All students are required to log patient “encounters” using their supplied PDA’s and the Pendragon Forms software.  While on their third year psychiatry clerkship rotations, students will encounter a variety of patients in a number of different clinical settings. It is expected that each encounter will serve as an opportunity for new or expanded learning in clinical knowledge and skill development. Some encounters will consist of observing someone else (an attending, a resident, another student) interact with a patient or family member, but most encounters should involve some sort of active involvement on the part of the student.

While it is expected that any one clinical encounter can and should lead to thinking and discussion about a wide range of psychiatric disorders as part of the differential process, students will be expected to have specific clinical encounters with patients representing each of the following diagnostic categories:

psychotic disorders
depressive disorders
bipolar disorders
anxiety disorders
substance use disorders
cognitive disorders
personality disorders

To help monitor student progress toward this goal and to enable the clerkship to address any potential deficiencies in the expected encounters, all students will be expected to keep up-to-date PDA logs of their clinical encounters and to sync their data at least weekly. Students must log at least 2 patients per day on average, which is a minimum of 60 psychiatry entries and 20 neurology entries.

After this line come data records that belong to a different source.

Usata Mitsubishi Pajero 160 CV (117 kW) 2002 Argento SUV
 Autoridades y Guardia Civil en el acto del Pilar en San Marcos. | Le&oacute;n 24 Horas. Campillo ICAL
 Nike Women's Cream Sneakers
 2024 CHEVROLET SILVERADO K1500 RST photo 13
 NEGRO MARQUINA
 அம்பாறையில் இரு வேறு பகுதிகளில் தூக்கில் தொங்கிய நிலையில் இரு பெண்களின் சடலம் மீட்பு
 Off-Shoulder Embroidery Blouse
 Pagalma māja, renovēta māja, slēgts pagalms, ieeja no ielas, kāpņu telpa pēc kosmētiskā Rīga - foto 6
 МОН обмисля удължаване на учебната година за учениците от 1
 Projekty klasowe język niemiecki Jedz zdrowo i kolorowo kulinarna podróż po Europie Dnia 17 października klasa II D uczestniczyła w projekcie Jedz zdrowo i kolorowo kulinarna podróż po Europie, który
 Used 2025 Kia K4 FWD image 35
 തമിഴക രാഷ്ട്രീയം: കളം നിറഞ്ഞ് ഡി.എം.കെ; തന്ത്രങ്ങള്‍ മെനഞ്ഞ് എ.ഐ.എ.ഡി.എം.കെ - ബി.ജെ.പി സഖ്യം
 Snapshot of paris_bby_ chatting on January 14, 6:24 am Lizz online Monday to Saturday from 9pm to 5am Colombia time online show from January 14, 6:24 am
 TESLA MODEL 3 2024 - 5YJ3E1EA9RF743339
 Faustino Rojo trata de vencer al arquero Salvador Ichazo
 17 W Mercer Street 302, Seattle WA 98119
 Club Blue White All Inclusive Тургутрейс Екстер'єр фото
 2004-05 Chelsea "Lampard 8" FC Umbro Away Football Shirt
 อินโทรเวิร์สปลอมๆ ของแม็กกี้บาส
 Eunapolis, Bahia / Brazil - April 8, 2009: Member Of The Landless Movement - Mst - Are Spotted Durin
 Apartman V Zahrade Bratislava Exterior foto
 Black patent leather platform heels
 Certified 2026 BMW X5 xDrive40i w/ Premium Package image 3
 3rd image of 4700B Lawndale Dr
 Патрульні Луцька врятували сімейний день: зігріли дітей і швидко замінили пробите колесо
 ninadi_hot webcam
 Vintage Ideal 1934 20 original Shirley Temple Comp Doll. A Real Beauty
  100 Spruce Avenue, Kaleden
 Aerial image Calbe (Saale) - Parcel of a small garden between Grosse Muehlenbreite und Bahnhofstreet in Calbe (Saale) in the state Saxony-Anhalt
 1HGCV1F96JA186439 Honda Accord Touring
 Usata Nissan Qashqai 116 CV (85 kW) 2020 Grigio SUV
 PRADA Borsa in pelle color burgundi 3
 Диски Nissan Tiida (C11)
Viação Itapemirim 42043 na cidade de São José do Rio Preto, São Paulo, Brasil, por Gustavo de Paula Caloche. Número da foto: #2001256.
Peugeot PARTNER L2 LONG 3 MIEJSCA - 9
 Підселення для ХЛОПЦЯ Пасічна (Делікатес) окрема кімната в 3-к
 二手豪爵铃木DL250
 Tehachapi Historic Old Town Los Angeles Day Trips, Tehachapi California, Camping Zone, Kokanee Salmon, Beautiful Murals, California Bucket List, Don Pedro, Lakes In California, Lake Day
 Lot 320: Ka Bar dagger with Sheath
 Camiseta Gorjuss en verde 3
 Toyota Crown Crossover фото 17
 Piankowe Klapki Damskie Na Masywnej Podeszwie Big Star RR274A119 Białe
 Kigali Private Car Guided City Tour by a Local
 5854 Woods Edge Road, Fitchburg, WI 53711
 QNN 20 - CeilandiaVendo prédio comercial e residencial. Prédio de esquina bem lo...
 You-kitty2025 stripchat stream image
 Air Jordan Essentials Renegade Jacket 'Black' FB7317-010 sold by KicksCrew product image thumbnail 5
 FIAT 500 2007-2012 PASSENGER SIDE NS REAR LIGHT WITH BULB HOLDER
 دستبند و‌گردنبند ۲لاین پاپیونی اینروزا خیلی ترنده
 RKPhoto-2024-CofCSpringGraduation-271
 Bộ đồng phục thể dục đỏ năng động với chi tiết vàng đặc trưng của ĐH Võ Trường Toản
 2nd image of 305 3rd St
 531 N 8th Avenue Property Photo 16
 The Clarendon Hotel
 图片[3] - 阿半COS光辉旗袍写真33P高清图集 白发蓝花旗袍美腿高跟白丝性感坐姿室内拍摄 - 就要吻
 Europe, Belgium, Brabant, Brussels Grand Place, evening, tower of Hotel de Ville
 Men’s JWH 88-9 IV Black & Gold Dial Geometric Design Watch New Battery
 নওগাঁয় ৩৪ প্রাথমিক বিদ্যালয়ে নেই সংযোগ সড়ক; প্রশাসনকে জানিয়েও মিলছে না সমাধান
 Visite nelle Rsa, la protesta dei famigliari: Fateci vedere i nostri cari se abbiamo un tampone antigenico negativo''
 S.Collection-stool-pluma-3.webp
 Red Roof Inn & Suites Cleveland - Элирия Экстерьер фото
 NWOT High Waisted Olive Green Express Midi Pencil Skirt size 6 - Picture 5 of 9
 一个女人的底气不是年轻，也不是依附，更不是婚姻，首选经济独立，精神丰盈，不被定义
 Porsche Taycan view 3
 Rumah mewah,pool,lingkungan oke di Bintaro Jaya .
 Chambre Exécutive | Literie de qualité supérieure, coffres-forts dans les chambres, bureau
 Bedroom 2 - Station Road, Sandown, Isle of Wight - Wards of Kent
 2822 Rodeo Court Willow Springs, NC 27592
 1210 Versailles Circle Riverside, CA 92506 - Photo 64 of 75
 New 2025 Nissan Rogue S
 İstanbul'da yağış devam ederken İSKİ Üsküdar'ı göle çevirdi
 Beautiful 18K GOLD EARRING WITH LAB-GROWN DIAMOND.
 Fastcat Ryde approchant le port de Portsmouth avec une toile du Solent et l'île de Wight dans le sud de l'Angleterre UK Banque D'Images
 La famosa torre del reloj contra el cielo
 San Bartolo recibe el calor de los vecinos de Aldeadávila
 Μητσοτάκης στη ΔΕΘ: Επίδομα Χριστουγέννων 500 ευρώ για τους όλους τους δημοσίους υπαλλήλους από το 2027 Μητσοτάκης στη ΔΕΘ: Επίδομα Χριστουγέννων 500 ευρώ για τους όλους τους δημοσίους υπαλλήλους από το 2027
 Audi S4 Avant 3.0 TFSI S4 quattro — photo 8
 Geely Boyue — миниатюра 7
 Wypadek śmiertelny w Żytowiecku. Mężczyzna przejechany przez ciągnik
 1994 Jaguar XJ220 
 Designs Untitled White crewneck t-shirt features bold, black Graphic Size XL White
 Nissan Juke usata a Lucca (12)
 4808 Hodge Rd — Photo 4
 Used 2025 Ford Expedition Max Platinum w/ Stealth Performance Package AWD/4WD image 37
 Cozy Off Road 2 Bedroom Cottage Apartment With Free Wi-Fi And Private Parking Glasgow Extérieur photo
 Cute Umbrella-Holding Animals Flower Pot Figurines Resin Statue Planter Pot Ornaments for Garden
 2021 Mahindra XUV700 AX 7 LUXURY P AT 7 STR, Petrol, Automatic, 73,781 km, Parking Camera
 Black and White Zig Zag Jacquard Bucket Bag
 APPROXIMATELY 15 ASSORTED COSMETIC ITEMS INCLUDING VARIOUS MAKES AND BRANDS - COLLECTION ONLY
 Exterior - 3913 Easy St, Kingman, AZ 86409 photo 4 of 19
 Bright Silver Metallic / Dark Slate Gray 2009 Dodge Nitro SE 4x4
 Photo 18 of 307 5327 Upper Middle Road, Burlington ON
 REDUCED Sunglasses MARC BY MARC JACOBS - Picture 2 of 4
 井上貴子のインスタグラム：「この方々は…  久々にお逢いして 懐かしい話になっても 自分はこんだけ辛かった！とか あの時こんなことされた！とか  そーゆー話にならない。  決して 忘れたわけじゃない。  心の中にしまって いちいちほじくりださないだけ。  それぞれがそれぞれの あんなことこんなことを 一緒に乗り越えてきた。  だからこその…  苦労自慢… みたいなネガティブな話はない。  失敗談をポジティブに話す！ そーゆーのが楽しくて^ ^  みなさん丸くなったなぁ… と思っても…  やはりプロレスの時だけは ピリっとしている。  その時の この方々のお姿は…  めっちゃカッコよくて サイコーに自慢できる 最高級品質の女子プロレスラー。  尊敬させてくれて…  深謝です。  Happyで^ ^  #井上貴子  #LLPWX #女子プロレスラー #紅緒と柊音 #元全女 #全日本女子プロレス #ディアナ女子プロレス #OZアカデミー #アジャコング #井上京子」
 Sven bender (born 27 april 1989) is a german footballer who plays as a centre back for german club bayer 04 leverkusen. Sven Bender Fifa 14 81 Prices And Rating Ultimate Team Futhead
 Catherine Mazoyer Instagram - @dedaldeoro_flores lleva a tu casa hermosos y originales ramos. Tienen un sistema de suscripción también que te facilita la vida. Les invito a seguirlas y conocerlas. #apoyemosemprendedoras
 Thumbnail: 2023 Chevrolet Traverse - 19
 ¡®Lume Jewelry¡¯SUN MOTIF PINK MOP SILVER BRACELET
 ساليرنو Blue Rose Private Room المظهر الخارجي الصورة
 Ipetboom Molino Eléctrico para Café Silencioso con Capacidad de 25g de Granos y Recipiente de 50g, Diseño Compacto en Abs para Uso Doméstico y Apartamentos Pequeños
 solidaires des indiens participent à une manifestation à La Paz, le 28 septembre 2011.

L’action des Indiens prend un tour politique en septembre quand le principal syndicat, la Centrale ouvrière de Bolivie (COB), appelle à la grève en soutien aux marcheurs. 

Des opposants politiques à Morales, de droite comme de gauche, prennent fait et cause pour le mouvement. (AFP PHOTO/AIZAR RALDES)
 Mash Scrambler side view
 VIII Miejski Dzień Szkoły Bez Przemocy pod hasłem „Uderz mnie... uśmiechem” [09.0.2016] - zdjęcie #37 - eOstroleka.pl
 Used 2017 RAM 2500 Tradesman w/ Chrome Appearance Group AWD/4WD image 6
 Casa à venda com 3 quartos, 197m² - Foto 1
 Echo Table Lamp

Generally speaking we are interested in encounters which are considered to be learning experiences.  These can occur in inpatient, partial-hospitalization, outpatient, or substance abuse treatment program settings.  Encounters are “learning experiences” if they require you to interview, present, produce a write-up or progress note, conduct a chart review, discuss with faculty, or do directed or extra reading.  A “learning encounter” should require you to think and process information about a patient and his/her particular clinical issues.

It would not be considered an encounter for logging purposes if a patient were only briefly reviewed or summarized in rounds or staffing – unless you become interested in such a patient and do some follow-up and further chart review and discussion.  Patients encountered in group therapy sessions are not logged unless they become a focus of attention for you and you follow-up with further processing with your preceptor or the group therapy leader.  Outpatient encounters are to be logged when there is sufficient “encountering” experience to identify, with the help of your preceptor, a diagnostic and treatment issue.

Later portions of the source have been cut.